Comecei a ler o Carlos Alberto Machado nos weblogs, há
uns anos valentes. Só depois encomendei duas peças de teatro por ele assinadas:
“Restos. Interiores” (2002) e “Aquitanta”(2003). Por volta de 2013 conhecemo-nos
pessoalmente na apresentação de “Confissões”, do José Ricardo Nunes, tendo
então o Carlos me desafiado a enviar um original para a Companhia das Ilhas.
Reuni algumas histórias que andavam perdidas na gaveta e enviei-lhe o livro.
A
primeira edição do “Call Center” saiu em Junho de 2014, com uma ilustração da
Bárbara Fonseca na contracapa. Esgotados os 100 exemplares, passados cinco anos
o Carlos voltou a desafiar-me para uma reedição. Revi os textos anteriormente
publicados e acrescentei ao conjunto dez histórias novas.
Como recentemente
expliquei em Vila do Conde, estas histórias têm em comum personagens
fragilizadas por problemas de comunicação geradores de equívocos vários. As
chamadas deste “Call Center” resultam todas avariadas, sendo que na sua maioria
surgiram, de facto, de seis meses de trabalho num inferno que fui amenizando
compondo efabulações para os nomes de pessoas com quem comuniquei ao ouvido sem
fazer a mínima ideia de quem eram.
Sobre este livrinho, escreveu à época, no
Expresso, o José Mário Silva: «No universo de H.M.B.F., o espelho que reflecte
a sociedade partiu-se em mil estilhaços, e é sobre essas arestas de vidro que
as personagens caminham, cortando-se e sangrando, mais impulsionadas pelo
espanto do que pela revolta, seguindo ainda assim em frente, através do negrume.

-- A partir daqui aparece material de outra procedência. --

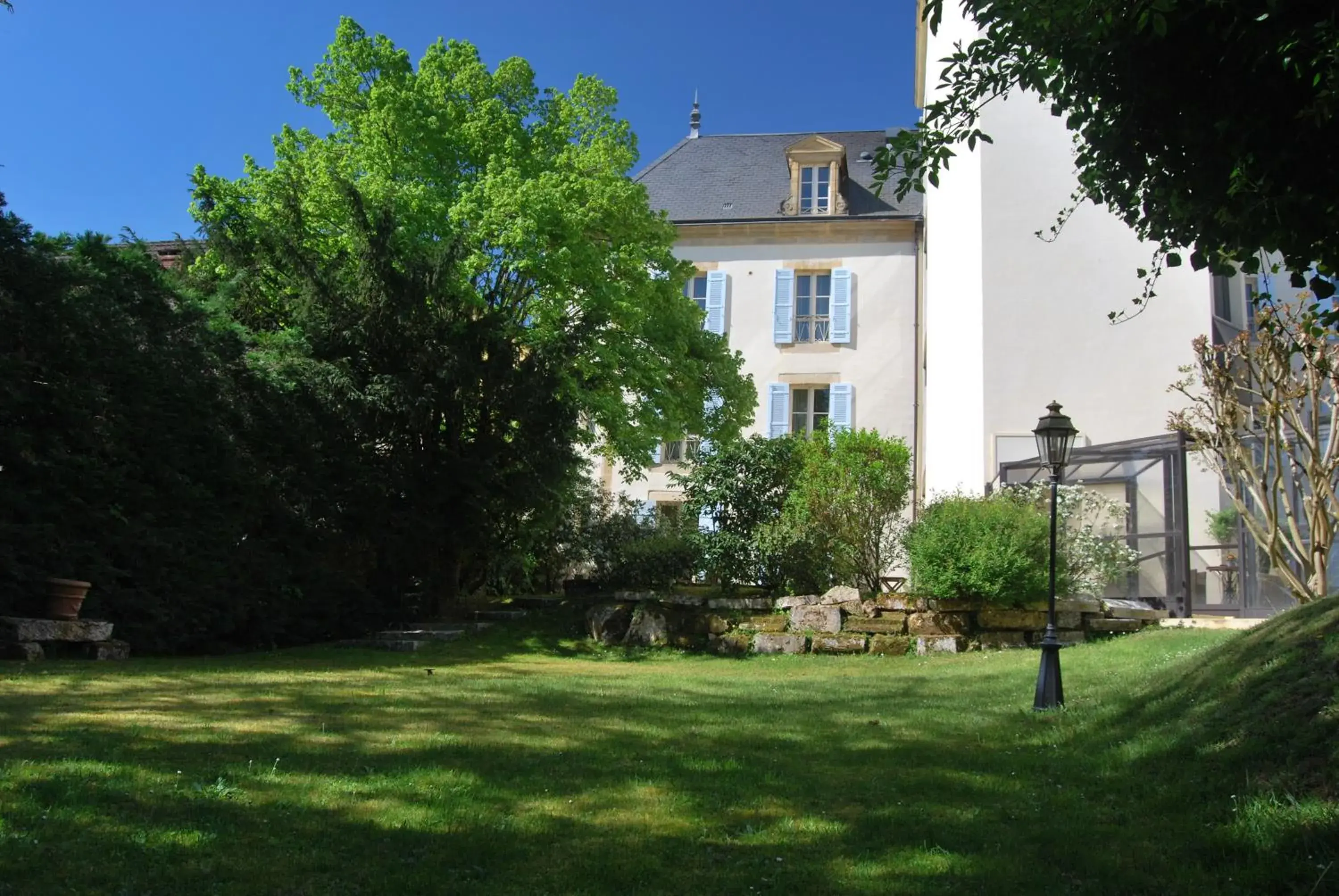 Garden, Property Building in Clos La Boëtie & Spa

As incongruências da vida gregária (na família, no bairro, no país) e a
entropia social geram uma energia turva que explode através de situações
absurdas» (Expresso/Atual, 2 de Agosto de 2014).
Deixo aqui, a título de
exemplo, a micronarrativa seleccionada agora para texto de badana. Nela
entenderão a gozada glosa das estúpidas hierarquias que até entre poetas se
instauram:
O POETA PSICOSSOMÁTICO
Há os poetas
grandes, cimeiros, gigantescos, colossais, etc. Este de que vos falo era de tal
forma titânico que precisava de um miradouro para poder contemplar a sua
própria sombra. Era um poeta psicossomático.
Certo dia
penetrou a amante com o seu olhar mais de poeta psicossomático e disse-lhe: a
tua saliva é o adubo da minha voz. Nesse mesmo instante, a boca
transformou-se-lhe num vaso cheio de terra e cresceram-lhe plantas nos dentes.